■ Records provided
Segment Open

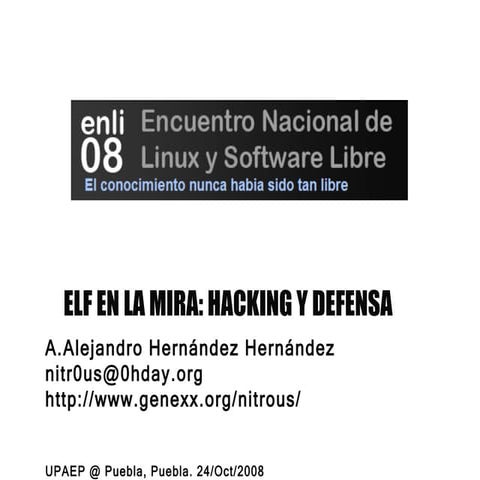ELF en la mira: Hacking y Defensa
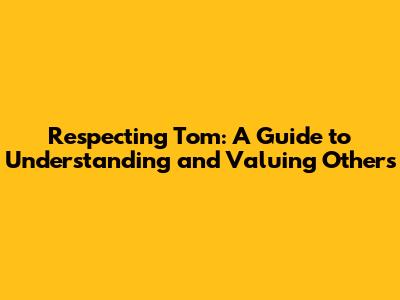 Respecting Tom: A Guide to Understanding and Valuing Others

Segment Closed
Segment Open

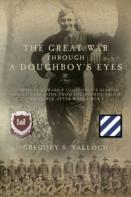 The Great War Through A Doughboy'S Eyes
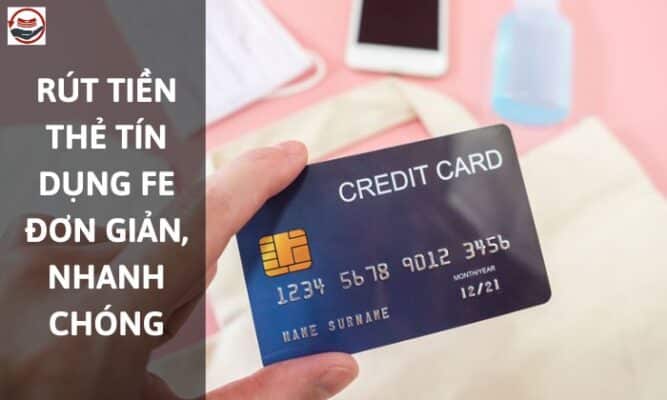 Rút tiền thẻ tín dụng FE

Segment Closed

■ The problem
From the material above, give again exactly the lines from the one that contains "The Great War Through A Doughboy'S Eyes" through the one that contains "Rút tiền thẻ tín dụng FE", and leave out the pictures.

■ Answer
 The Great War Through A Doughboy'S Eyes
 Rút tiền thẻ tín dụng FE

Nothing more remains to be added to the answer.